• **What you will do**: Report how many lines of these entries hold the string "Toyota"; reply with the number alone.

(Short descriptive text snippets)
━━━

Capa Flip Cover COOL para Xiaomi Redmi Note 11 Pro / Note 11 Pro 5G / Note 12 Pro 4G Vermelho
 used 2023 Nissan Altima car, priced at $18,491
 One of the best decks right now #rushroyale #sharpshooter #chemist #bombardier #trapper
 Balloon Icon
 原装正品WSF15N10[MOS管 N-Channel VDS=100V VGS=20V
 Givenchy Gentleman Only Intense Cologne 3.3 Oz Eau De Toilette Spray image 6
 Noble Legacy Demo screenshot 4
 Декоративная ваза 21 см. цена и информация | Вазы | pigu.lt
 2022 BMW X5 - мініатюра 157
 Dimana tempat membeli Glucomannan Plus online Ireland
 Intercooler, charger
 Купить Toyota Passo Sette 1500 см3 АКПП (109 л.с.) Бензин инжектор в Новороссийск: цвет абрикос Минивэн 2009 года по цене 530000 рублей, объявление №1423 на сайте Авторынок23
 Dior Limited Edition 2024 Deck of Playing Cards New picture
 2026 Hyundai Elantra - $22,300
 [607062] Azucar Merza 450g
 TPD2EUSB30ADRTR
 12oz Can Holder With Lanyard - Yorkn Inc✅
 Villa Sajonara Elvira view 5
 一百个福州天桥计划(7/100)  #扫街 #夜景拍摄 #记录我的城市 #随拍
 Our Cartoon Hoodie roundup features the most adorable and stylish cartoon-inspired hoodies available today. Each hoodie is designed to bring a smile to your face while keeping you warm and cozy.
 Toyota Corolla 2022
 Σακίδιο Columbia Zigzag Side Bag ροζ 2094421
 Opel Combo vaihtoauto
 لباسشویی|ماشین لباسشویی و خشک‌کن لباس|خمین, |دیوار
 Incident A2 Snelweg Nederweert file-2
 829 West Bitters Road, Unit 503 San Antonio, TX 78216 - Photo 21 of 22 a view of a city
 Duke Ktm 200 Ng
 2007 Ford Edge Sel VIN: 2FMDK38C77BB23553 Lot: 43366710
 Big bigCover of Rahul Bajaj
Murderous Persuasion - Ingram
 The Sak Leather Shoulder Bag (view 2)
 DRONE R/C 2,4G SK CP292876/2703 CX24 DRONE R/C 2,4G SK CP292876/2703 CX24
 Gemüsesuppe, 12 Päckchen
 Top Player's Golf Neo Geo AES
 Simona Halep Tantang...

━━━

• **Result of the exercise**: 2